Glossary of Terms:
Metalypsis: “when one text alludes to an earlier text in a way that evokes resonances of the earlier text beyond those explicitly cited” (thank you Let the words escape blog). For the reader, metalypsis is a passive activity that occurs when something they’ve read earlier in the text becomes important, they are connecting two levels of text and therefore interacting with the text. This means that novels, and the “static” printed word can have elements of interactivity. This could also be referred to as ergodic literature.
Diegesis: This is when the reader is told a story by a narrator (can be invisible or obvious in the story, all knowing, or unknowing). It is the opposite to mimesis which is the enactment of a story, the representational aspect of a story by actors or imitators.
Spider and Web won 5 XYZZY awards in 1998 for best puzzles, best use of medium, best game, best NPC and best individual puzzle, so it seemed advantageous to seek wisdom from the designer, Andrew Plotkin, who is well known in the interaction fiction community. There is even a genre of IF called Zarfian which is named after his online alias, Zarf. According to Joe Pereria, Spider and Web is a good example of interactive fiction that cannot be replicated in graphical form due to the player being moved between various levels of diegetic planes in the story. Pereira states; “Spider & Web by Andrew Plotkin is the best IF game I have played not only because of this puzzle, but because the story is told during an interrogation and flashbacks – totally original and unique. The puzzle in this game, and even the way in which it is narrated, simply could not be done in any other genre of video game – and I have been a gamer of RPGs, RTSs and FPS for a pretty long time.”
Pereira’s view on this is that the structure of the game-story is not typical of other games that are seen in the field, the interaction between the flash backs and the interrogation sequences being what sets it completely apart from other kinds of game. Considering this, it felt fair to ask Andrew Plotkin how he developed this structure and how he thinks this kind of traversal between levels of the story builds on overall meaning.
He responded with, “It’s not the structure of past and present storylines *per se* that’s important. That’s a particular technique that I used in this game, because it fit the theme; it’s not crucial in itself”. On metalypsis, he then goes on to say, “This is just as meaningful for traditional fiction as for interactive fiction, of course. In books we get unreliable narrators, negative-space story threads, allusive and indirect storytelling techniques. In a sense this *is* interactivity, or as close to interactivity as the printed page supports. So I think it works particularly well in videogame storytelling.”
This is a particularly interesting point he made because he is stating that the use of this technique even in traditional media points to interactivity. At least some effort is required from the reader/player of the text to make sense of the story from the way the author has written it.
In Spider and Web it is implemented in such a way that when the player traverses the flashback sequence, the game allows them to make a deferral from how the story is meant to go (the ideal sequence, what really happened to the player character in the flashback). However, once they hit a roadblock or trigger an event, the game will pull the player back into the present-day interrogation room sequence and be forced to try again from the last ideal point in the narrative from the author’s perspective. This is very different to the implementation of traditional fiction as the reader does not have several paths laid out by the author to choose from.

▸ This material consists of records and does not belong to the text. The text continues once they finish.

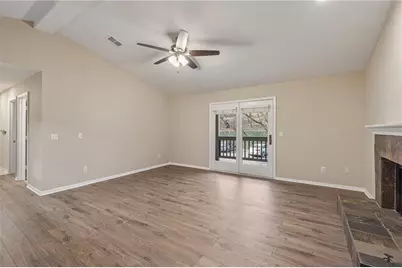 408 Warm Springs Circle, Roswell, GA 30075 - Photo 8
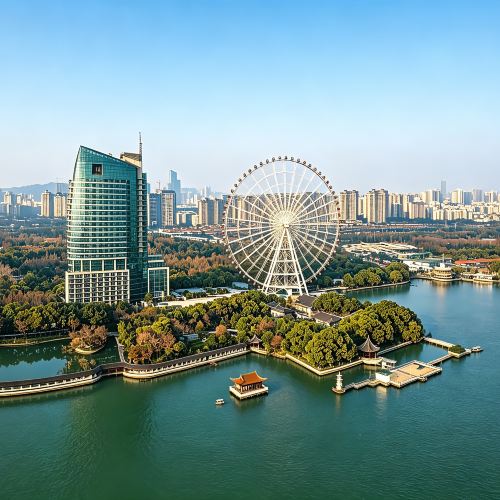 无锡君来湖滨饭店3天2晚套餐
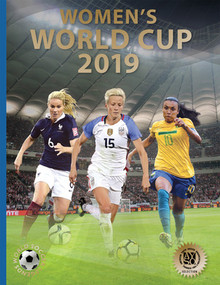 Women's World Cup 2019 by Illugi Jökulsson, 9780789213280
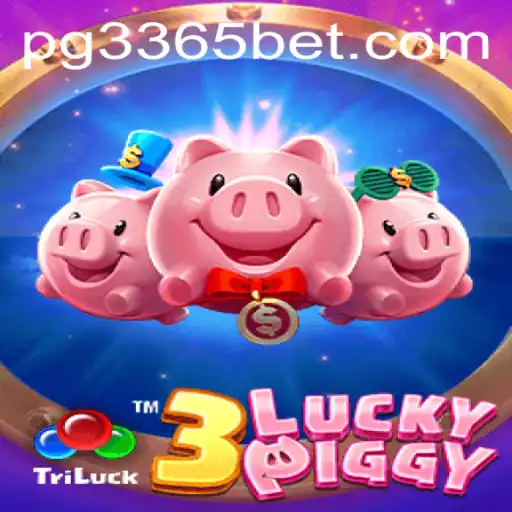 Explorando o Fascinante Mundo de 3LUCKYPIGGY no 3365Bet
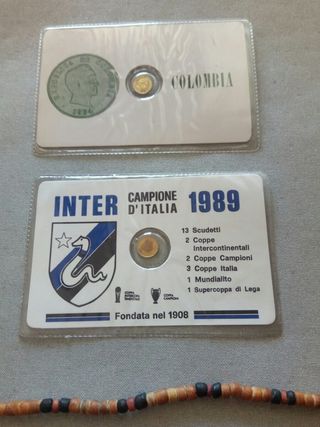 Vintage misto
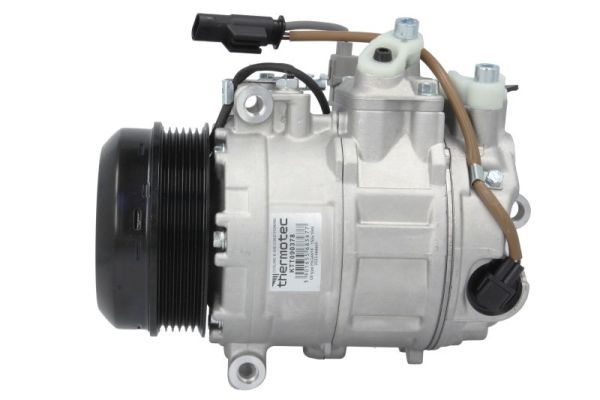 Kompresor, klimatyzacja THERMOTEC KTT090378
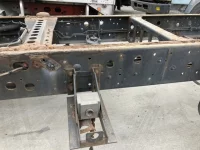 Hino RANGER лот № 3139 оценка 3  с аукциона в Японии 8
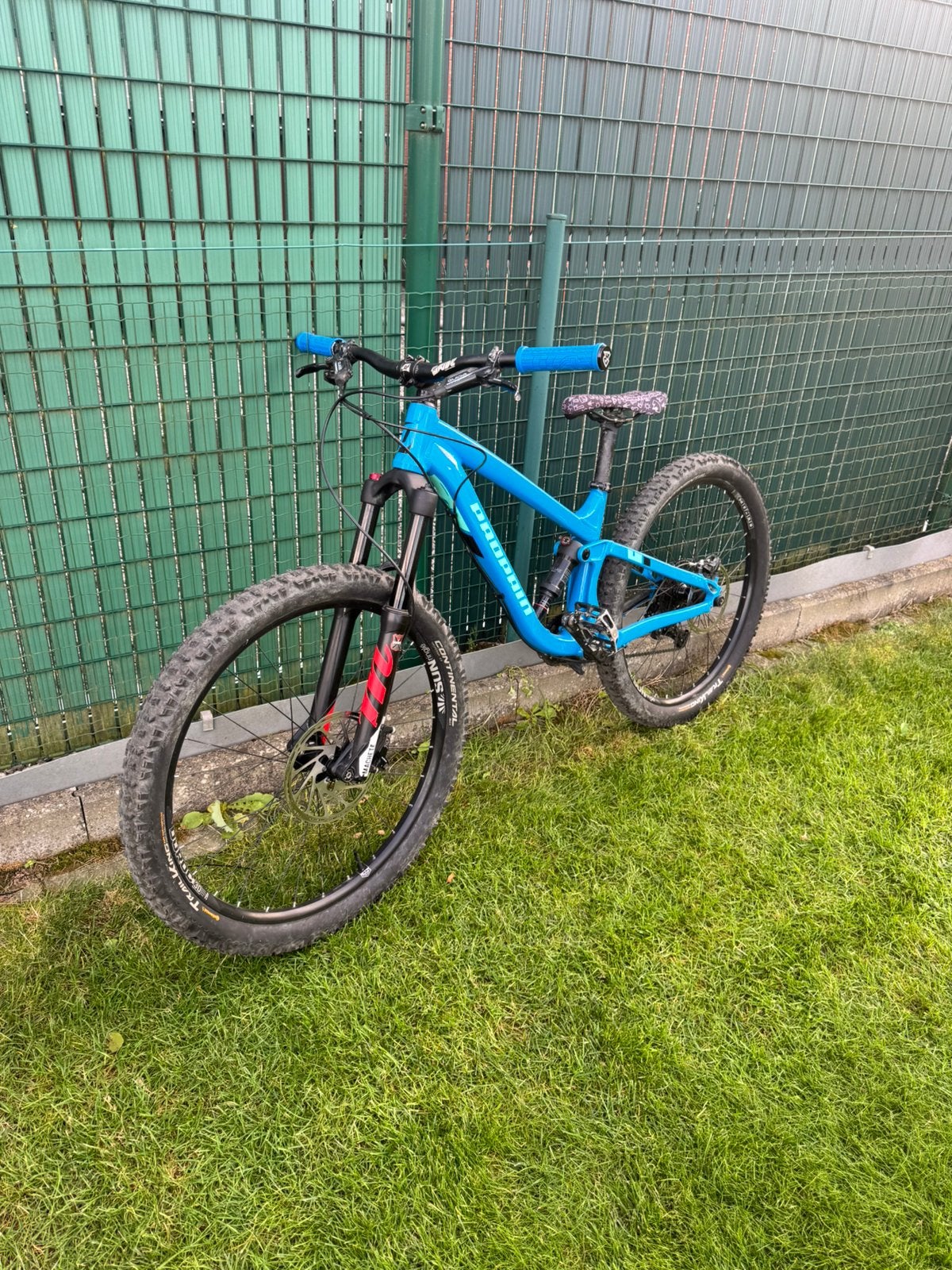 Propaïne Yuma 26 - 24, Vélos & Vélomoteurs, Enlèvement, Comme neuf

The difference between traditional media and cybertext media of this kind is that the player has no idea if the events they are witnessing will help them reach the end of the game, whereas the reader in traditional media will always know what they are witnessing is relevant to the story in some way . In a game like Zork I, the player can roam back and forth in the forest without being punished for doing so because there is no set ideal sequence of events, the story is not pre-determined because the actions the player is going to take are the events which are going to occur in that players game. There is something that could be called the ‘golden path’ which is subtly enforced on players through all interactive fiction, but is made more obvious in Spider and Web through the pullback/flash forward technique.
Plotkin also states that metalypsis can activate a technique called ‘implication’ which can be chained together to form ‘chains of implication’. Chains of implications are very important to him for his work, because implementing it means more effort is required from the player, which further engages them and “amplifies the power of the text”. Implication lends itself to the ergodic discourse of the text, which is intrigue-orientated and generated by the player’s negotiation with the intrigue in the text.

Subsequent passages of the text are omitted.